7. Security: it is the result of the general situation of a given country, that can affects the costs of the investment and businesses. Source of the information GCI 2011, World Bank.

8. Corporate Ethics: it is the comparison between the ethical behaviors of companies in a country and the ethical behaviors of companies of other countries. Source of the information GCI 2011, World Bank.

9. Accountability: it provides and guarantees responsibility of the actions realized by companies, in all levels. Source of the information GCI 2011, World Bank.

4.5.3. Control variables

The study has eight additional variables that control other factors that usually can be thought as affecting FDI decisions.

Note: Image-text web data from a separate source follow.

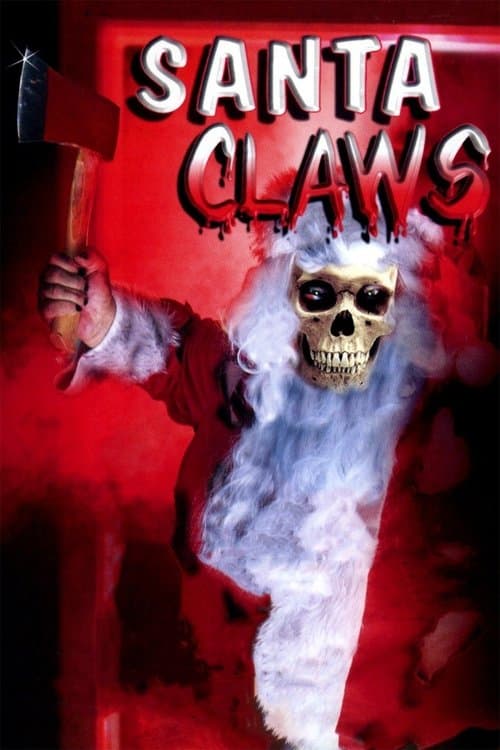 Santa Claws (1996) poster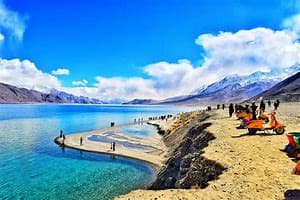 ladakh Tour Highlight 1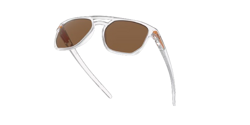 Sunglasses OAKLEY Latch™ Beta Introspect Collection Prizm Bronze Lenses / Matte Clear Frame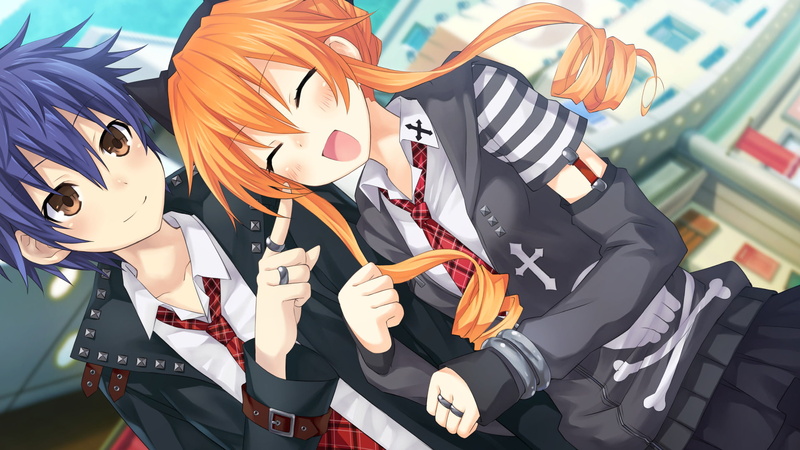 Shido Itsuka, Date A Live, Kaguya Yamai, 1080P, Anime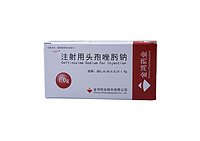 Ceftizoxime for Injection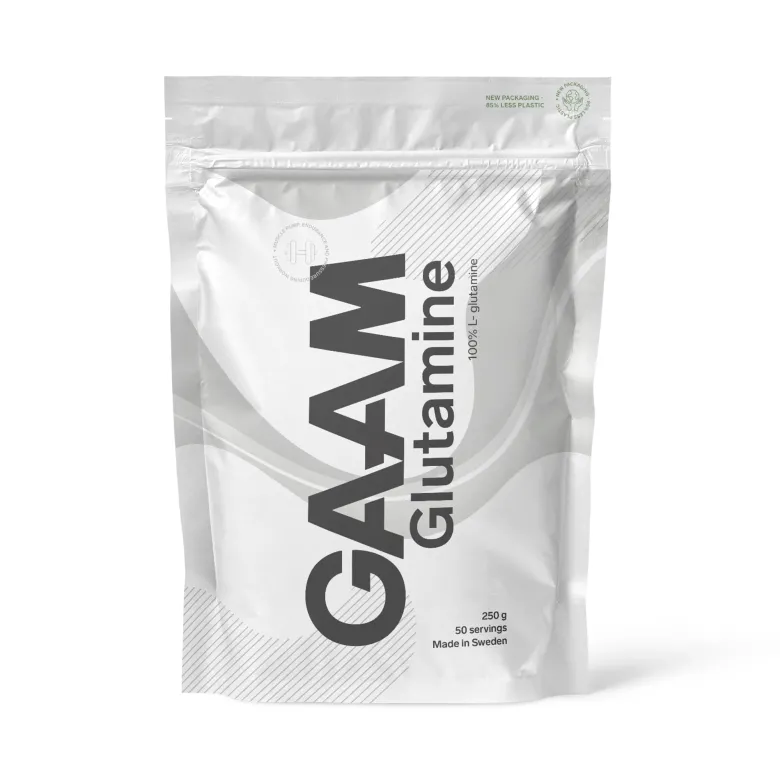 GAAM Glutamine 250 g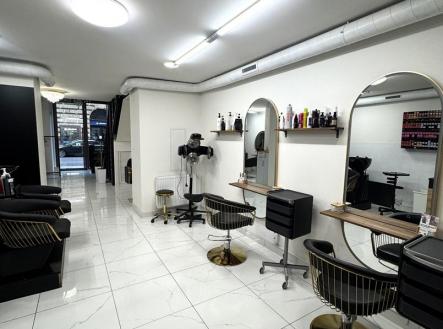 Pronájem obchodní prostor, 95 m² obrázek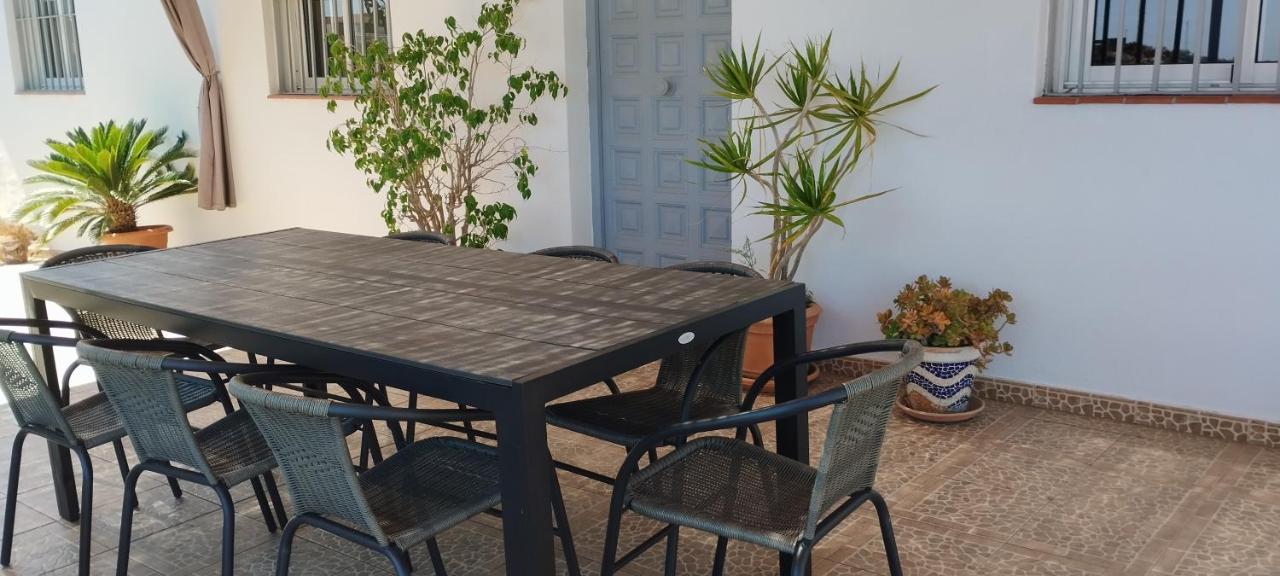 Casa Rural En Torrox Costa Feriehus Málaga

1. Constant market capitalization: also called Market value; defined as “share price times the number of shares outstanding. Listed domestic companies are the domestically incorporated companies listed on the country's stock exchanges at the end of the year.” (World Bank 2013). In this study, the size of the company as measured by the company market value in the NYSE.

2. International presence: it is the number of countries in the world where the company has subsidiaries. In this study, the information is taken from the form 20F, downloaded from NYSE.

3. Shared border: it is a binary variable that indicates if the company headquarters are located in a country neighboring the host country (1) or not (0).

4. Geographical distance: it is defined as the proximity in geographic distance contributes to a direct, fast and easy access into a new market.

(Porter 2000, 15-34). In this study, it corresponds to the approximated distance, in kilometers, between the capital city of a given host country and the country where the headquarters of the investor company are located. The distances were measured using Google Earth (distance between major cities).

5. Host country average GDP growth: it is identified as the value of all final goods and services produced in the host country in one year (incomes- wages, interest, profits, and rents- or expenditures- consumption, investment, government purchases, and net exports (exports minus imports), by all resident producers in the economy. (Soubbotina &

Sheram 2000). In this paper, it corresponds to the simple average GDP growth for five years (2006-2010), GDP growth was downloaded from the World Bank website.

6. Host country economy openness: it is a measure that takes into account the level of competitiveness in the host country economy, where the more open the economy the higher the competition, in a positive way.

(Fortanier 2007). In this study, it was calculated as the sum of the average exports as percentage of the GDP plus the average imports as

percentage of the GDP (2006-2010). The imports and exports data was downloaded from the World Bank website.

7. Host country investing openness: “An open investment environment provides maximum entrepreneurial opportunities and incentives for expanded economic activity, greater productivity, and job creation. An effective investment framework will be characterized by transparency and equity, supporting all types of firms rather than just large or strategically important companies, and will encourage rather than discourage innovation and competition.” (Miller & Kim 2013). In the present study, it was calculated as the percentage that the sum of the outward and inward stock of FDI as to the end of 2010 represents of the GDP. The data on FDI was downloaded from the UNCTAD and, data for the GDP was downloaded from the World Bank.

8. Host country size: it constitutes the extent of the country in terms of population. It is important to consider the size of a country as the possibility of producers to access into a market. (Shatz 2001). It corresponds to the value of the GDP at the end of 2010. The data was downloaded from the World Bank.